Only 7.8% of our study sample used efavirenz. Bivariate analysis indicates that HIV-positive individuals with an SMI diagnosis were significantly less likely to be initiated on an efavirenz-based ART regimen (Odds ratio = 0.15, 95% CI 0.05–0.50, P = 0.002). To determine whether efavirenz use modified the association between SMI and retention in HIV care, we conducted multivariate Cox hierarchical proportional hazards regression analyses (Table 1). Interestingly, we found that efavirenz use modified the association between SMI and retention in HIV care. Specifically, as shown in Table 1, among people not taking efavirenz, SMI was weakly associated with interruption of continuous HIV care (adjusted hazard ratio, aHR 1.38, 95% CI 1.08–1.77), but among people taking efavirenz, SMI was associated with a sixfold higher risk of interruption of care (aHR 6.98, 95% CI 1.55–31.37, p for interaction = 0.006).

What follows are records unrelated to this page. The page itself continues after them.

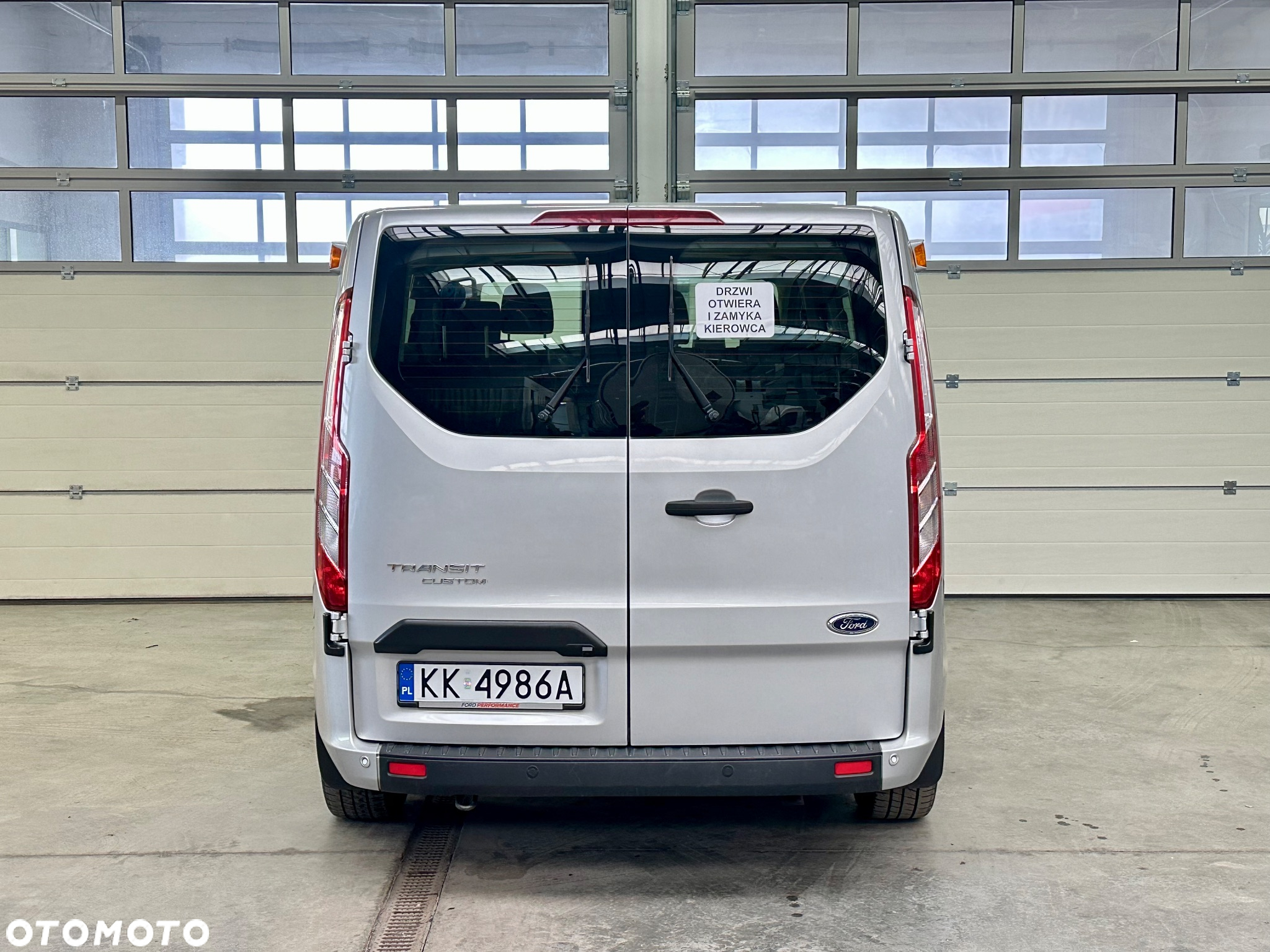 Ford Transit Custom Kombi 320 L1H1 Trend - 7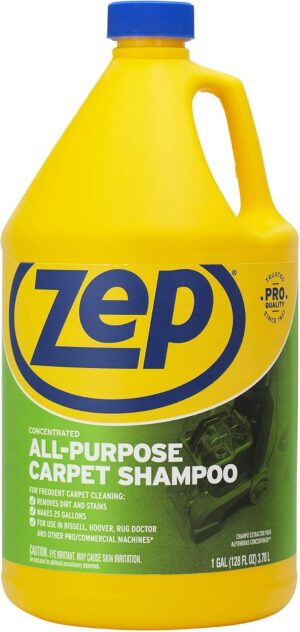 Zep All-Purpose Carpet Shampoo Conc...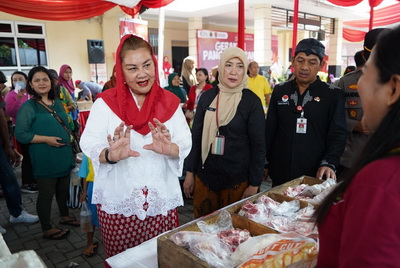Mobil Pak Rahman Jangkau Wilayah Pinggiran Semarang, Bantu Tekan Inflasi dan Kenaikan Harga
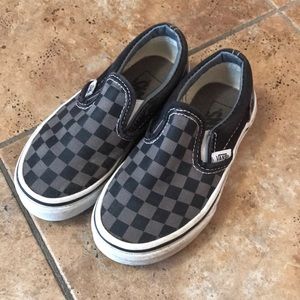 Boys Vans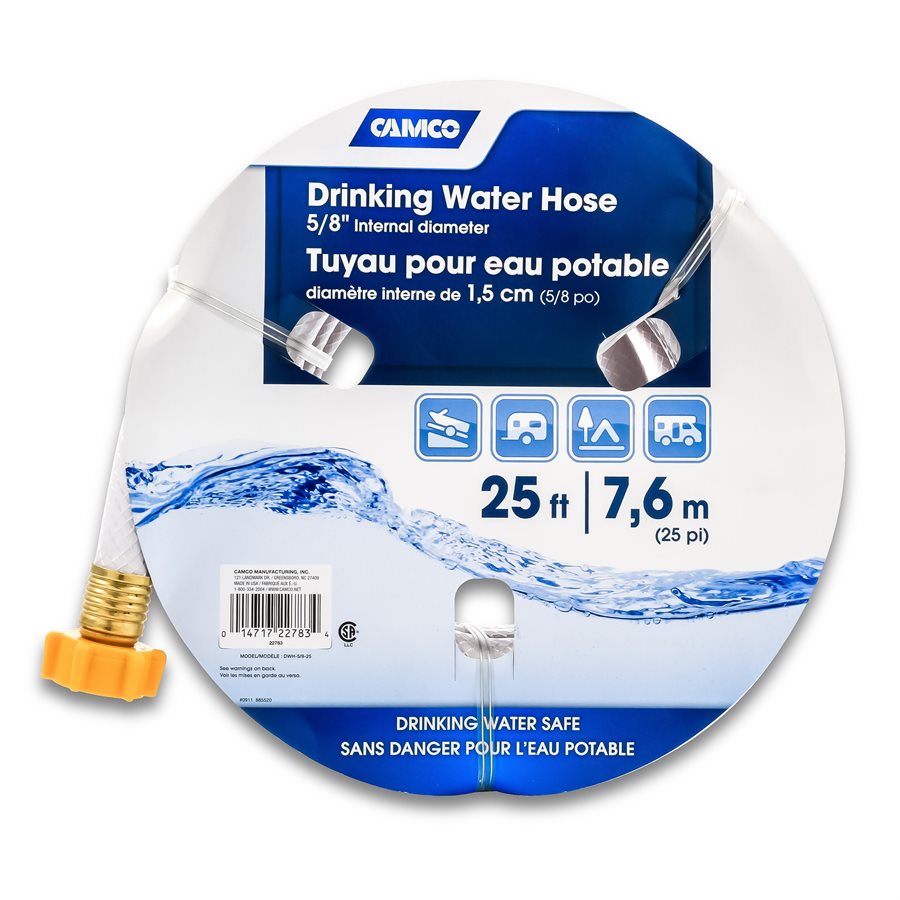 Product of Camco 22783 Fresh Water Hose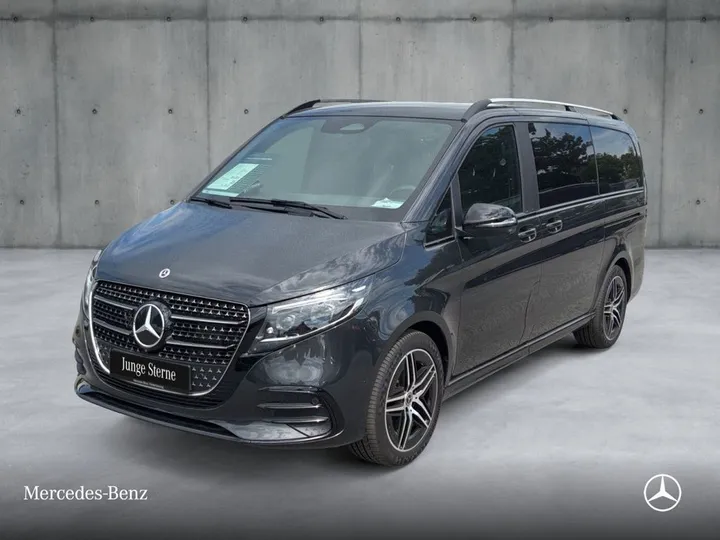 Mercedes-Benz V 250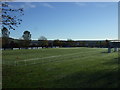 Football pitch, Inverurie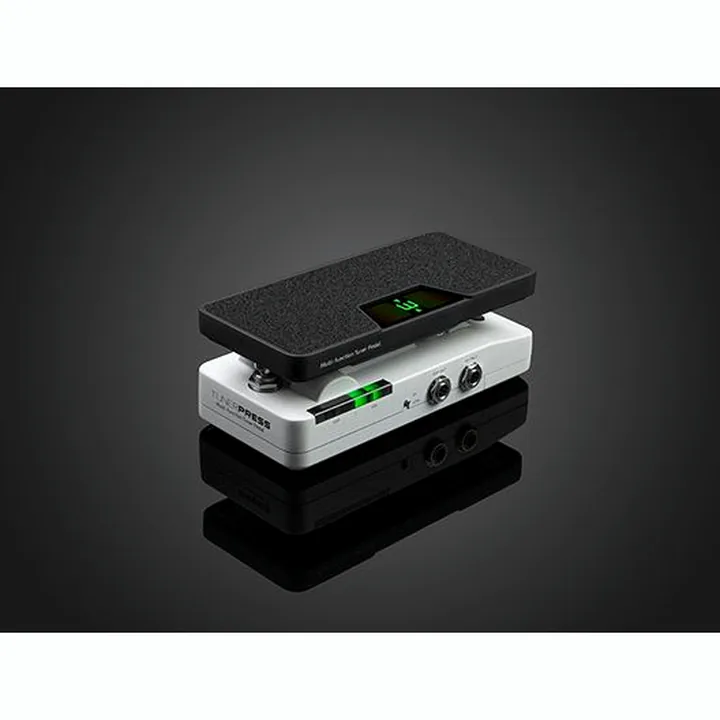 Pédale Hotone Tuner Press / Comparatif, Test & Avis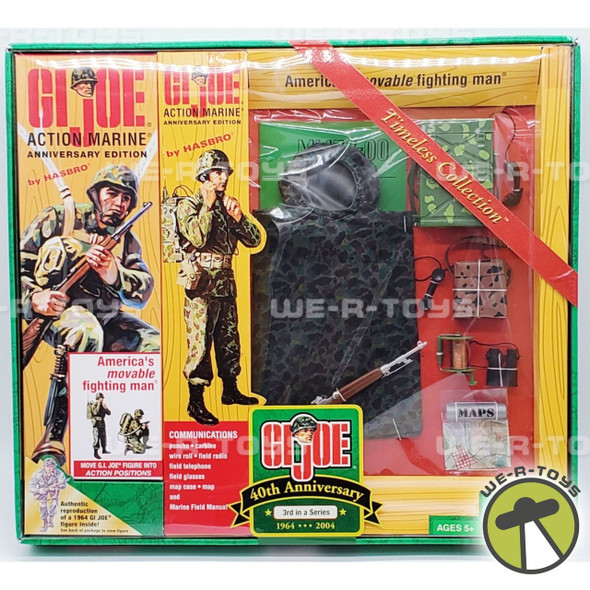 G.I. Joe Communications Action Marine 12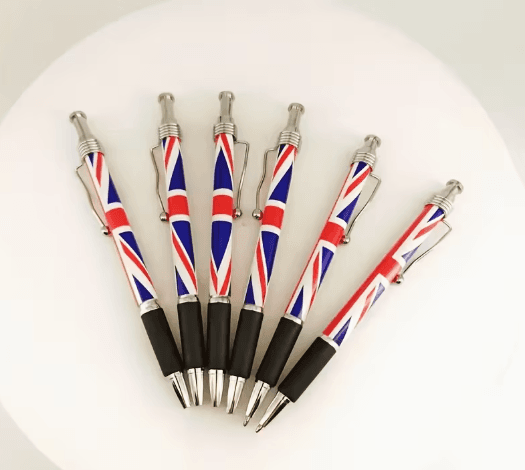 Union Jack Pen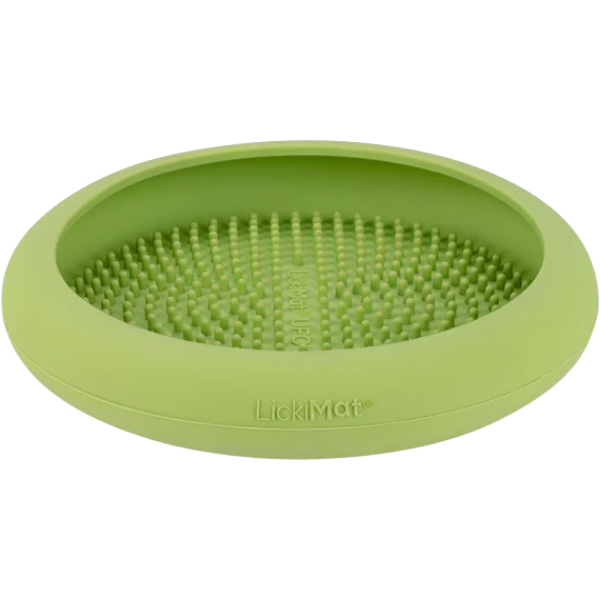 Lickimat Ufo - Gamelle à lécher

|Characteristic||Efavirenz users (N = 60)||Non-efavirenz users (N = 713)|
|HR (95% CI)||P-value||HR (95% CI)||P-value|
|Severe mental illness||6.98 (1.55–31.37)||0.011||1.38 (1.08–1.77)||0.010|
|Age, years||1.04 (0.97–1.11)||0.287||0.98 (0.97–0.99)||0.045|
|Female gender||.94 (0.52–1.68)||0.823||0.98 (0.88–1.09)||0.773|
|CD4 count < 200 cells/μl||1.66 (0.60–4.57)||0.329||1.42 (1.11–1.83)||0.005|
|Wasting syndrome||0.57 (0.19–1.64)||0.293||1.46 (1.16–1.82)||0.001|
While these observational results cannot demonstrate causality, we postulate that, in people with pre-existing SMI, efavirenz could lead to or exacerbate primary psychiatric symptoms leading to relapses, readmissions on psychiatric wards or alternative sources of care which would result in interruption of continuous HIV care. The current standard of care for first-line treatment of HIV in most ART delivery programmes in Africa – and that recommended by the World Health Organization (WHO) – is efavirenz-based ART (WHO HIV Treatment Guidelines 2013). For patients with a history of psychosis or who develop psychosis symptoms, alternative ART regimens (e.g. nevirapine-based ART) are recommended.
Also, our results underscore the need for targeted education and close clinical monitoring of patients on efavirenz to allow appropriate management in the event of occurrence of psychosis or aggravation of pre-existent psychiatric symptoms. More research in sub-Saharan Africa is urgently needed to gain better insight into the effects of ART regimens on mental health of HIV-positive individuals, particularly in the light of the mounting evidence that some ART regimens are associated with psychiatric symptoms (De la Garza et al. 2001; Foster et al. 2003; Poulsen & Lublin 2003) which in turn are associated with poor HIV treatment outcomes (Nakimuli-Mpungu et al. 2012).